El fin del año es como viajar en la máquina del tiempo.
El último diciembre, como es habitual, mi novia y yo planeamos un viaje por carretera al que bautizamos, de manera figurada, darle la vuelta al nevado del Ruiz. Teníamos pocos días de vacaciones, viajar al mar se hacía largo y complicado, y nos sedujo volver a tierras del Quindío, de Risaralda, de Caldas, del suroeste antioqueño, visitar Medellín y regresar a Bogotá haciendo una escala en Honda, en el Tolima. Al salir, enfilamos entusiasmados hacia la cordillera Central con el ánimo de recorrer, por primera vez, el nuevo paso del alto de La Línea. Llevaba en mi memoria el recuerdo de mi madre atenta a cada curva del camino, nerviosa, mientras ascendíamos la montaña desde Calarcá o desde Cajamarca, y nos contaba que en Colombia existían cinco altos de montaña que le ponían el pelo de punta con solo mencionarlos: Ventanas, entre Yarumal y Puerto Valdivia en Antioquia; Pescadero en Santander, antes de llegar al río Chicamocha; páramo de Letras en Caldas; San Miguel en Cundinamarca, y el de La Línea, entre Tolima y Quindío. Me imaginaba lo que le habría contado a ella de estar viva: que ya no tenía de qué preocuparse al subir a La Línea, que nos habíamos demorado una hora y cuarto en cruzar la cordillera, que los nervios y los trancones ya eran cosa del pasado.

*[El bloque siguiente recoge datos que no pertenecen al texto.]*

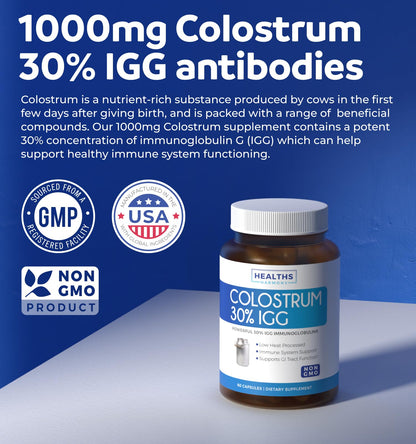 Bovine Colostrum for Women – 1,000mg per Serving, 30% IgG, Made in USA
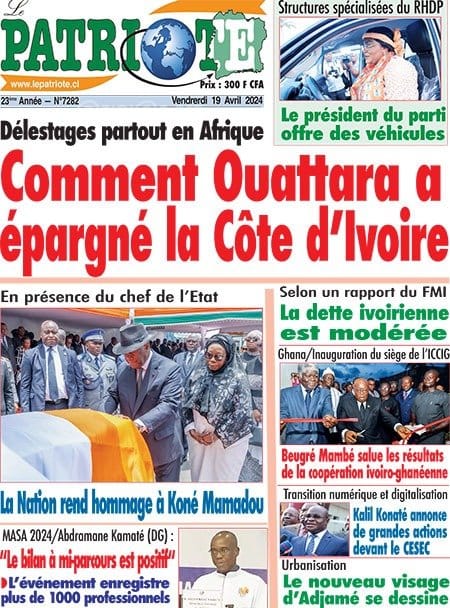 Le Patriote, la Une du vendredi 19 avril 2024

Pero no. Madre, lamento decirte que La Línea sigue siendo tan pesada y peligrosa como antes, los trancones son inimaginables; nos demoramos cuatro horas y media entre Ibagué y Calarcá, pues lo que el gobierno inauguró como la doble calzada que acorta el viaje de Bogotá a Buenaventura no pasa de ser una docena de túneles que construyeron en la parte alta de la montaña, pero en su base la carretera sigue siendo un embudo tan estrecho y lento como el que tú conociste. Pasamos un fin de año maravilloso; el paisaje ha cambiado, y no para ser más bello que antes. Pero todavía no es el fin de la pesadilla de La Línea.